Obwohl Blut normalerweise steril ist, können gelegentlich Mikroorganismen, meist koagulasenegative Staphylo-kokken, aus Blutkulturen offensichtlich gesunder Personen isoliert werden. Als Ursache wird der Eintritt von Keimen in die Blutbahn über kleine Verletzungen von Haut und Schleimhäuten angenommen. Bakterien sind nachweisbar, wenn sie noch nicht durch Phagozytose eliminiert wurden oder wenn die Phagozytosekapazität überschritten wurde (Retikuloendotheliales System von Leber und Milz, intravasale polymorphkernige neutrophile und eosinophile Granulozyten, Monozyten).
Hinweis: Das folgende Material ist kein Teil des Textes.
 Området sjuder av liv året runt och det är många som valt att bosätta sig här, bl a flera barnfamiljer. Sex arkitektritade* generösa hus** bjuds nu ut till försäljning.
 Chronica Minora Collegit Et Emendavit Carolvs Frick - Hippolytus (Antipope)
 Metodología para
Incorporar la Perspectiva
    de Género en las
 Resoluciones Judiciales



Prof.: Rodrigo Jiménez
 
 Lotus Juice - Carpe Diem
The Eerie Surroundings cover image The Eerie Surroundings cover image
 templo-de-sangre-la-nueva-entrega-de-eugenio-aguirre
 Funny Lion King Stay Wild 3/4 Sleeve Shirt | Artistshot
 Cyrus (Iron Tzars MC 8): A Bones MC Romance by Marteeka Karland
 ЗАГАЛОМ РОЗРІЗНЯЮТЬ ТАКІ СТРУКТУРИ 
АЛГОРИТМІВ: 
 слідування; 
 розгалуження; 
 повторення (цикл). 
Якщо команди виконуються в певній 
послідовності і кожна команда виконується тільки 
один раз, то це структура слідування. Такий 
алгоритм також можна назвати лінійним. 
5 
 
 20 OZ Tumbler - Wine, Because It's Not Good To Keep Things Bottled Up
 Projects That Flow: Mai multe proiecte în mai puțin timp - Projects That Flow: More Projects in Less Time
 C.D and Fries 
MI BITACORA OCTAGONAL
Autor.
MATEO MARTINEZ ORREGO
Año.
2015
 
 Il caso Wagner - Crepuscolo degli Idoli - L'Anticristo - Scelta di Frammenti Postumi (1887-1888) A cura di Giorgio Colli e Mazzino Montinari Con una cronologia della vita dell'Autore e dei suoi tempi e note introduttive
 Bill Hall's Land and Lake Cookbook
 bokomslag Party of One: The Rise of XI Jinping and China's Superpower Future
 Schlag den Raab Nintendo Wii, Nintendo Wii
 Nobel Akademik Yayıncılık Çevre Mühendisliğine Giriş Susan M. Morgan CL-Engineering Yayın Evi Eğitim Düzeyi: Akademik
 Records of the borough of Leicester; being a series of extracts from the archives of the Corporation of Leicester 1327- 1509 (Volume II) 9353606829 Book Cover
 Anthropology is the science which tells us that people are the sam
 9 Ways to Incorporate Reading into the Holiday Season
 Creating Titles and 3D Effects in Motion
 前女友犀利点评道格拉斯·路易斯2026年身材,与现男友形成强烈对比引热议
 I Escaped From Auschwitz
Die in Blutkulturen erreichte Nachweisrate einer Infektion von etwa 12 % ist unter diesen Gesichtspunkten als sehr gering einzuschätzen. Dennoch bietet die Blutkultur bei Fieber unbekannter Ursache bei Patienten einer Intensivstation ein wertvolles diagnostisches Werkzeug, da bei Keimnachweis eine gezielte Antbiotikatherapie möglich wird. Die Anzahl der abgenommenen Blutkulturen muß sich nach dem Einzelfall richten. Mit zwei bis drei zu verschiedenen Zeiten - möglichst bei aufsteigenden Temperaturen > 38,5ºC und ohne Antibiotikatherapie, bzw. kurz vor erneuter Antibiotikagabe - abgenommenen Kulturen wird in etwa 90 % das ätiologische Agens isoliert. Das Volumen der Blutkultur sollte etwa 10 ml pro Blutkulturflasche, bei wenigstens einer aeroben und einer anaeroben Flasche, betragen.